Problem description:
Leaving out all pictures, repeat exactly the lines from the one that holds "Models use their" to the last line of the entries below.

Data to examine:
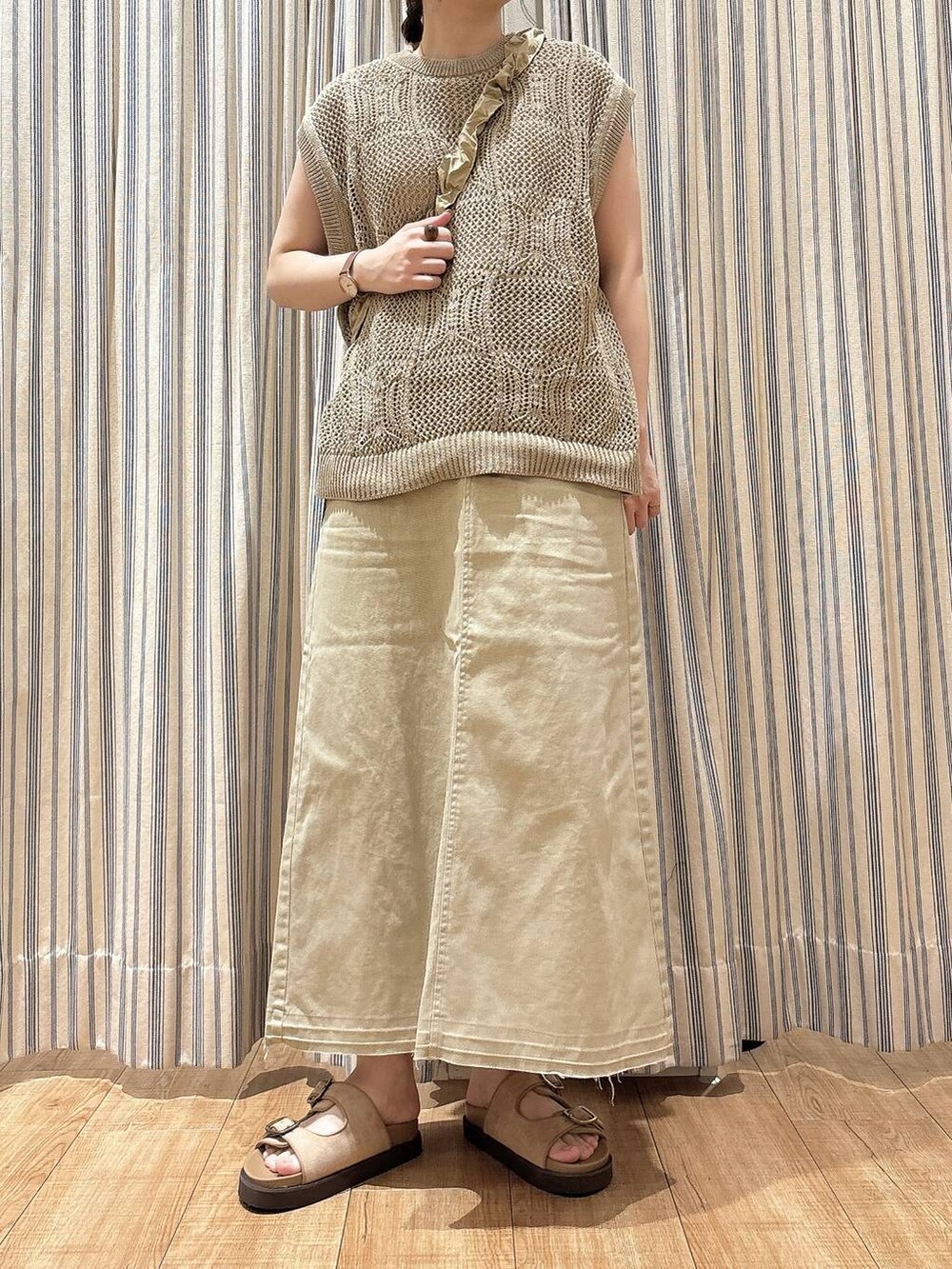 ベージュ系のサンダル、ベージュ系のベスト、ベージュ系のスカートを着用したレディースの夏コーディネートの3枚目の写真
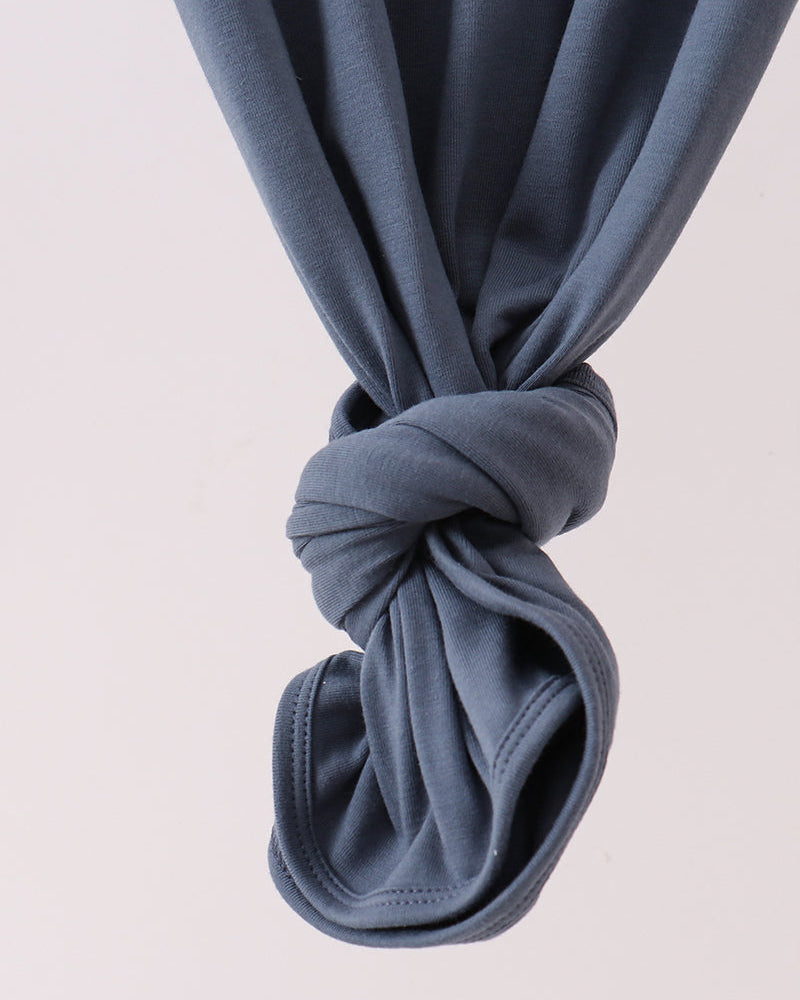 Dark blue knotted fabric detail at hem of smocked baby gown
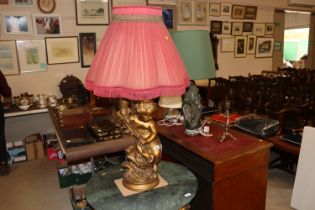 A large gilt table lamp with pink pleated shade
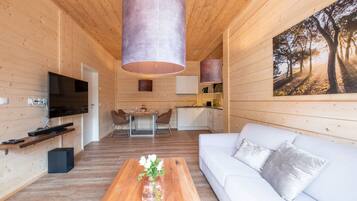 L’intérieur d’une maison en rondins moderne présente un coin repas en bois, un salon avec un canapé et une table basse, et une cuisine avec des meubles blancs.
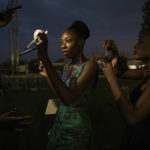 Models use their phone lights during a power outage to put on make-up before the start of the third Ouaga Fashion Week, Friday May 13, 2022 in Ouagadougou, Burkina Faso. Ouaga Fashion Week returned to the Burkinabe capital after a two year COVID-19 related break. (AP Photo/Sophie Garcia)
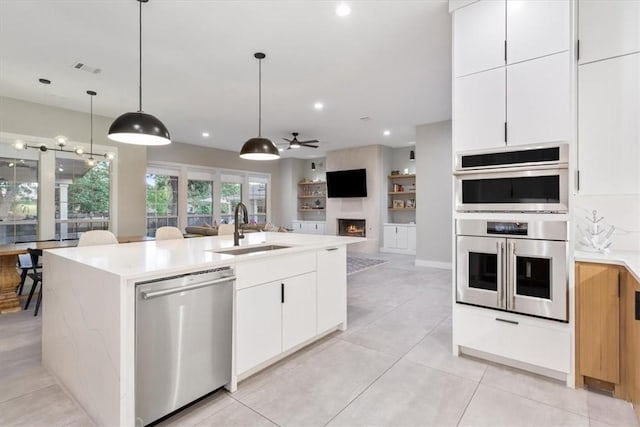 kitchen featuring ceiling fan, sink, stainless steel appliances, a kitchen island with sink, and white cabinets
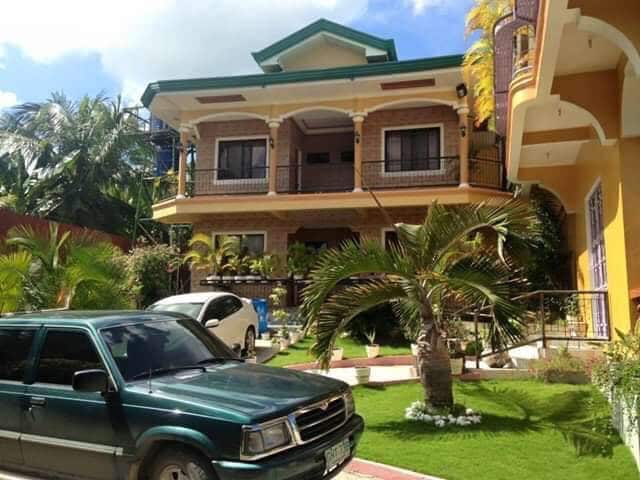 A multi-level building is surrounded by lush greenery, featuring a mix of palm trees and flowering plants. The exterior showcases balconies with black railings, while two parked vehicles are seen in the driveway. The bright sky adds to the overall inviting atmosphere.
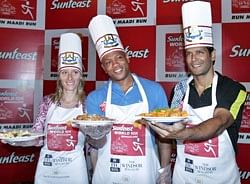 Maurice Greene with athlete Inna Lebedeva(L) and Milind Soman, display pasta cooked by them on the eve of Sunfeast World 10K run in Bangalore.AP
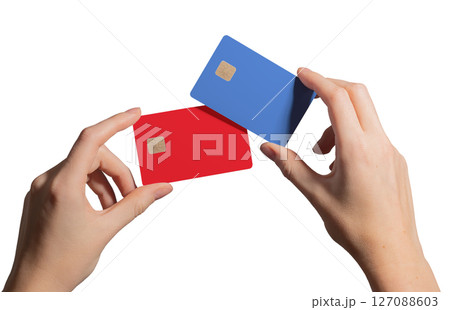 Colorful card concept. Hand holding two plastic bankcards in blue and red with chip for credit, 127088603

Answer box:
 Models use their phone lights during a power outage to put on make-up before the start of the third Ouaga Fashion Week, Friday May 13, 2022 in Ouagadougou, Burkina Faso. Ouaga Fashion Week returned to the Burkinabe capital after a two year COVID-19 related break. (AP Photo/Sophie Garcia)
 kitchen featuring ceiling fan, sink, stainless steel appliances, a kitchen island with sink, and white cabinets
 A multi-level building is surrounded by lush greenery, featuring a mix of palm trees and flowering plants. The exterior showcases balconies with black railings, while two parked vehicles are seen in the driveway. The bright sky adds to the overall inviting atmosphere.
 Maurice Greene with athlete Inna Lebedeva(L) and Milind Soman, display pasta cooked by them on the eve of Sunfeast World 10K run in Bangalore.AP
 Colorful card concept. Hand holding two plastic bankcards in blue and red with chip for credit, 127088603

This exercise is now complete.